Я вспомнил последнюю сцену того водного кошмара: труп маленькой девочки лет семи, волосы шевелятся вокруг головы, пока течение проносит ее мимо. Выпученные покрасневшие глаза задвигались и сфокусировались на мне. Из открытого рта вырвались пузырьки воздуха. И с ними пришло слово: «Контумакс».
На этом моменте я вырвался из сна, с колотящимся сердцем подскочил на кровати, молотя руками и ногами по простыням. Меня ужаснуло не только видение затопленного Пико Мундо, но также — и, возможно, в первую очередь — белокурый ребенок, который произнес первое из двух слов приветствия сектантов: «Контумакс. Потестас». Выражало ли ее лицо крайний испуг? Нет. Если подумать, глаза выпучивались и вращались, а на лице была написана неистовая ярость, причем не просто ярость, а бешенство. Но столь юное дитя не могло быть членом секты. Она так меня напугала, что я проснулся, но не была тем, чем казалась, представляла собой не угрозу, а жертву.

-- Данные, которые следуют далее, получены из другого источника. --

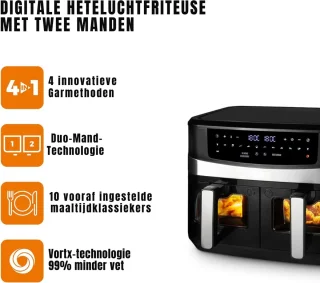 MMP® Duo Airfryer Heteluchtfriteuse Zwart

Я подумал о Конни, сестре Итана, молодой женщине, которая разрисовала меня арлекином в палатке «Результат налицо». Волосы цвета воронова крыла и серо-зеленые глаза. Она тоже мне приснилась — утопленница, дрейфующая в жутком свете погруженного под воду города. Я спустился глубже в колодец памяти и попытался вызвать в воображении ту часть сна. Всплыл образ: лицо Конни, но не такое, как в жизни, и не такое, как во сне о смерти. Либо я неправильно запомнил выражение ее лица, когда проснулся от кошмара, либо неправильно припоминал его теперь. Мне казалось, что ее душит не ужас, а ярость. И не просто ярость, а свирепость, ненависть. А еще муки и страх. Причем страх не преобладал, как я подумал поначалу. Страх был лишь частью необычного клубка искаженных эмоций.
Мы въехали в более населенный район Пико Мундо и за очередным углом наткнулись на пробку. Лорен тут же развернула машину на сто восемьдесят градусов, вырулив по дуге обратно на перекресток, который мы только что миновали. Возмущенные водители своими пронзительными сигналами устроили ей целую симфонию Гершвина. Она помчалась по улице в другую сторону, а потом вильнула направо в проулок, который шел параллельно пробке в нужном нам направлении.
— Насколько безумно можно себя вести? — спросила она. — Что на кону, Одди? Скажи мне, что на кону.
— Все. — Меня несколько удивила та уверенность, с которой я это произнес. — На кону все. Тысячи жизней, целый город. Может, даже больше, намного больше.